During his time in Boy Scouts, he earned the Sangha and Scoutmaster of the Year awards and held troop positions such as troop scribe, troop quartermaster, assistant patrol leader, patrol leader, and senior patrol leader.

With the help of family, friends, fellow scouts, and adult leaders for Leong’s Eagle project, they were able to repaint the wrought-iron fence around the parking lot and mount new signs for Senshin Buddhist Temple. The repainted fence, along with the new signs, gave the temple an updated look to complement the renovation of the social hall completed a few months earlier.

Leong is grateful to many people for helping him complete this big project. He was glad for the opportunity to do this Eagle project at Senshin, which has been a big part of his life. He would like to thank his family, friends, fellow scouts, and adult leaders for guiding him through his journey in scouting. Without their support, he wouldn’t be who he is today. He will always remember the memories made through scouting as well as the knowledge and skills gained.

• Kai Akira Munekata was born in Torrance on Jan. 25, 2000 to Mark and Nancy Munekata. He has one sister, Erika, who is a member of Girl Scout Troop 4345.

Munekata began his scouting career as a Webelos scout, following in the footsteps of his cousin Derek Morimoto.

For his Eagle project, Munekata worked to transform an empty patio area at the Huntington Assisted Living Hotel by installing three planters and an herb garden, and repainting the wall. He was inspired by his late grandfather, who was a resident at Huntington.

“It bothered me that when I would visit him, the window from his room would look out into an empty patio area,” Munekata said. “As a way to say thank you for all the work they did for my family, I worked hard to say thanks to theirs too.

“It’s been a great experience and I’ve made many friends, but I’d like to thank everyone who has helped me along the way. All the SMs, ASMs, parents, friends, scouts, and my family have my deepest thanks. I would not have been able to achieve this much without you all. I will definitely miss the fun experiences I’ve had in scouting. Lastly, I would like to give special thanks to my mom, dad, and sister, as well as my aunt, uncle, and cousins.”

• Cade Okohira was born in Los Angeles on Aug. 6, 2000 to Deana and Mark Okohira. He has a younger sister, Jenna, who is a freshman at South Pasadena High School and a member of the Nishi Girl Scout troop.

He is a senior at Los Angeles County High School for the Arts (LACHSA), where he is concertmaster of the LACHSA Orchestra and Olympia Youth Orchestra, co-president of the Asian American Alliance Club, and president of the senior class student body.

Okohira’s scouting career began in 2012 when he joined Boy Scout Troop 738, where he earned the Den Chief Award and Scoutmaster’s Award and has held leadership positions such as patrol leader, den chief, troop scribe, troop guide, and senior patrol leader.

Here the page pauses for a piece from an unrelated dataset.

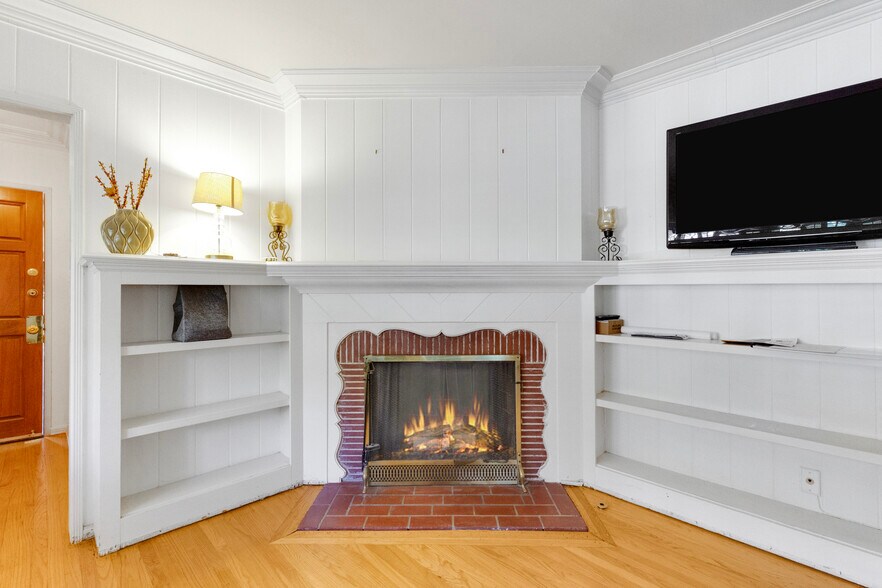 More Photos Of 11737 Bellagio Rd, Los Angeles Multifamily For Sale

For his Eagle service project, Okohira wanted to do something that connected with his passion for music. He created a promotional video to increase the number of high school mentors participating as role models and sources of guidance for the children.

“With the number of YOLA (Youth Orchestra Los Angeles) mentors dwindling, I wanted to not only help the children find their musical passion, but also ensure that more high-schoolers experience the challenges and fulfillment of working with disadvantaged youth as I did,” Okohira said.

“I would not be who I am today without the help of troop parents, ASMs, friends from school, family friends, and family. I would like to thank and express my appreciation for everyone who helped guide me on this memorable journey. I would also like to thank my fellow scouts for their friendship and for making Boy Scouts an enjoyable experience. Lastly, I would like to thank my dad, mom, and sister for their constant support.”